> ASSIGNMENT
Once the images are set aside, print the remaining lines below exactly.

> DATASET CONTENT
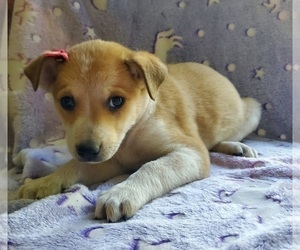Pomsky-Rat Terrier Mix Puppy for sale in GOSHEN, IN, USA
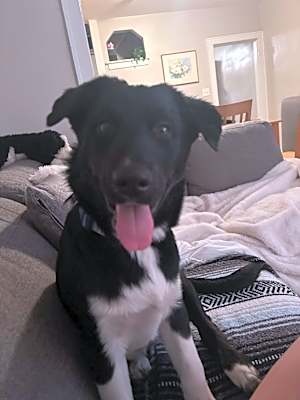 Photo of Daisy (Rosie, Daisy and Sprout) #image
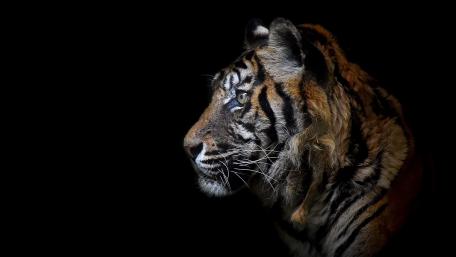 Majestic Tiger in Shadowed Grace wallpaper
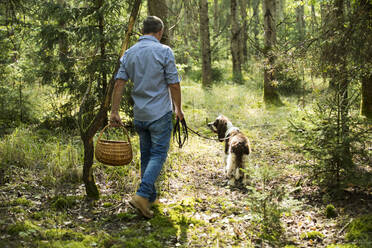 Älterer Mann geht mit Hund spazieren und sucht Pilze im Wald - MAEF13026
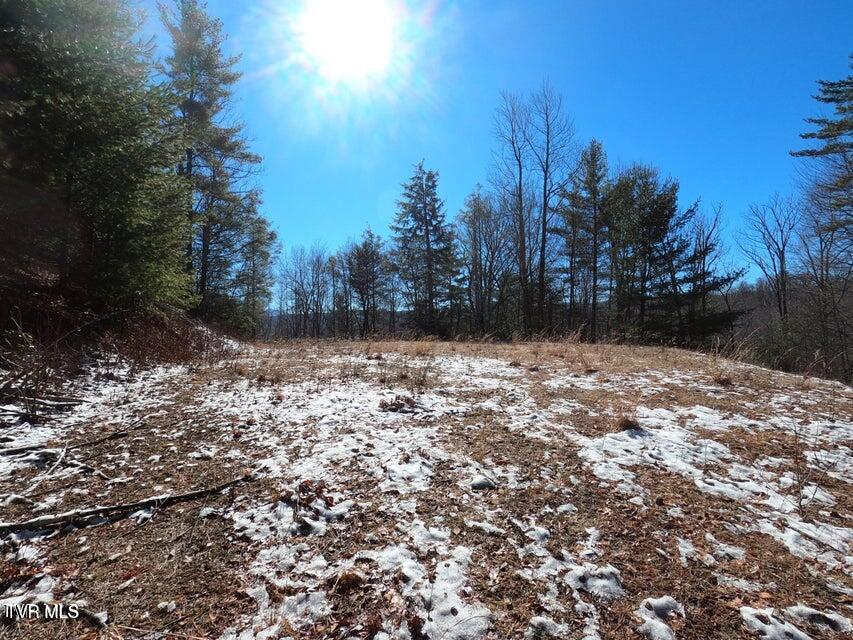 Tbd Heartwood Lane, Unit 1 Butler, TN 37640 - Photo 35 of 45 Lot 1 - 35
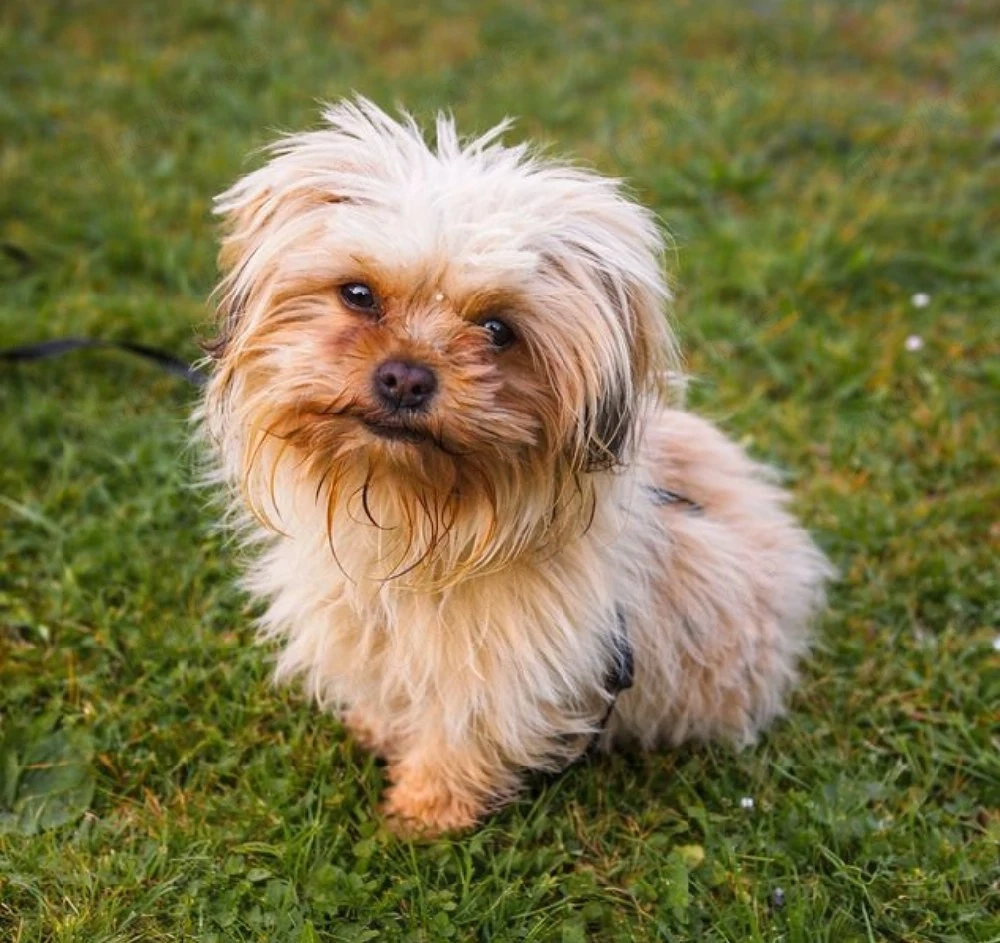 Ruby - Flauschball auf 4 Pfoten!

> SOLUTION BELOW
Pomsky-Rat Terrier Mix Puppy for sale in GOSHEN, IN, USA
 Photo of Daisy (Rosie, Daisy and Sprout) #image
 Majestic Tiger in Shadowed Grace wallpaper
 Älterer Mann geht mit Hund spazieren und sucht Pilze im Wald - MAEF13026
 Tbd Heartwood Lane, Unit 1 Butler, TN 37640 - Photo 35 of 45 Lot 1 - 35
 Ruby - Flauschball auf 4 Pfoten!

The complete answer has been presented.